1) Finding Environmental Toxins
Industries, governments, and regulatory bodies need efficient ways to test the purity of our water, the cleanliness of our air, the content of our soil, and the quality of our food. Mass spectrometry is one of the most reliable methods for assessing whether or not a part of the environment is being contaminated by chemicals, pharmaceuticals, naturally occurring organics such as algal toxins, or pesticides. An investigation by the Associated Press has shown that the a wide range of pharmaceutical products (including antibiotics, mood stabilizers, anti-convulsants, and sex hormones) have been found in the drinking water supplies of about 41 million Americans.

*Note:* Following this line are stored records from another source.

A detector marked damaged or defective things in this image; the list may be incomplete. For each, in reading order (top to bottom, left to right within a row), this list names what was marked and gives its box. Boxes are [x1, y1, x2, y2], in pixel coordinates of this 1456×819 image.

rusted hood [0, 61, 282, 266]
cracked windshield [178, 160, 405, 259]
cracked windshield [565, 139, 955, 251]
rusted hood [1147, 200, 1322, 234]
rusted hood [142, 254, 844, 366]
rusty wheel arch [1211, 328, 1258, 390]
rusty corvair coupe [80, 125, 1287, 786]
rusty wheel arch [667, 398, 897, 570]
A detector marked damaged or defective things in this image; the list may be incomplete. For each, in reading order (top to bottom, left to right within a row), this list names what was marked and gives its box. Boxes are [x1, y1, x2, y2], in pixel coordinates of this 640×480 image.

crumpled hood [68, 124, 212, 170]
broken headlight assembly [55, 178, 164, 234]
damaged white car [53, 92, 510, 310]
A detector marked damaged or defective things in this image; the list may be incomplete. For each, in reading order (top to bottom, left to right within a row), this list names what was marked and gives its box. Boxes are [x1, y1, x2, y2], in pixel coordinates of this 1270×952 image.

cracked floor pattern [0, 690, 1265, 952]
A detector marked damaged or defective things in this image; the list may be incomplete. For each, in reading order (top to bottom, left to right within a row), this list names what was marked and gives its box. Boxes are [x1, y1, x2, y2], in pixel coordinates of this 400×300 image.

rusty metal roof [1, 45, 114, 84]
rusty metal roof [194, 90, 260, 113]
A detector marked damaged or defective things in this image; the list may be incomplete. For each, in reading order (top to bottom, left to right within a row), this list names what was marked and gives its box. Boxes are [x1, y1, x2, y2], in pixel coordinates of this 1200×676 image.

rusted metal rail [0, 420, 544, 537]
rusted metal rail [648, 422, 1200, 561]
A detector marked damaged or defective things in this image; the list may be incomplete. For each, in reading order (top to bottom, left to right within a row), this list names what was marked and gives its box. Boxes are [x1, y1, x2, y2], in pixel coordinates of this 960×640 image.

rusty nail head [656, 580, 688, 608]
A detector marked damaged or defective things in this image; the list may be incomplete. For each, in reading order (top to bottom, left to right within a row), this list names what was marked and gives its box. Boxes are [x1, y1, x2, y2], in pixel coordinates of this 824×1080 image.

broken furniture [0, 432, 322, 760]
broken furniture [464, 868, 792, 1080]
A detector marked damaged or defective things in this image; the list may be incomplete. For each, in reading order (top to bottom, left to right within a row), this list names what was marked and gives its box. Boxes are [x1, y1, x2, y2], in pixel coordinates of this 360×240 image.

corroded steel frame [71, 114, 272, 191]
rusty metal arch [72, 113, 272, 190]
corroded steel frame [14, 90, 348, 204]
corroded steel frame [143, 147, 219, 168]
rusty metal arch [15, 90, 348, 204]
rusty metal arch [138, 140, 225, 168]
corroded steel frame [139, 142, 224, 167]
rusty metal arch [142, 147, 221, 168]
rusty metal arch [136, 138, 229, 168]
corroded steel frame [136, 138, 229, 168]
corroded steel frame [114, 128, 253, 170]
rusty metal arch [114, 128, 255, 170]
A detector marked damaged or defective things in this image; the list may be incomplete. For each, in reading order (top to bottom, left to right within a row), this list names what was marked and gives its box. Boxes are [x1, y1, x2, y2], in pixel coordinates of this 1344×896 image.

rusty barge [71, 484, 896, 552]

As concern about the effects of chronic low-level exposure to pharmaceutical drugs heightens, mass spectrometry is increasingly used to test drinking water supplies.
Mass spectrometry is frequently combined with gas and liquid chromatography technology when testing for environmental toxins. GC/MS systems are ideal for identifying pesticides, gasoline oxygenates, and algal toxins. The newer LC/MS-MS systems are more sensitive and are capable of deeper analysis of water soluble organics such as surfactants, explosives, and pharmaceuticals.
2) Testing for Steroid Use in Athletes
The use of steroids among athletes to improve athletic performance has become quite prevalent over the years and has expanded from a Major League problem to a middle school one as well. Accordingly, athletic oversight committees from the international Olympics to local school districts test athletic competitors for steroid use by using mass spectrometry. Gas chromatography/mass spectrometry (GC/MS) technology is especially effective in confirming the presence or absence of steroids, diuretics, and stimulants in a person’s body.
3) Fighting Terrorism and Protecting the Homeland
The Centers for Disease Control (CDC) have formulated a response to potential threats posed by chemical and radiologic terrorism that involves the use of mass spectrometry. The CDC uses the Rapid Toxic Screen to analyze blood and urine for over 150 chemical agents that are likely to be used by terrorists, including nerve agents such as sarin, blistering agents such as sulfur mustards, cyanide-based compounds, incapacitating agents, and many other toxic industrial chemicals. 20 mass spectrometers are used during a Rapid Toxic Screen and can give detailed individual results that reveal what agents were used and the level of exposure.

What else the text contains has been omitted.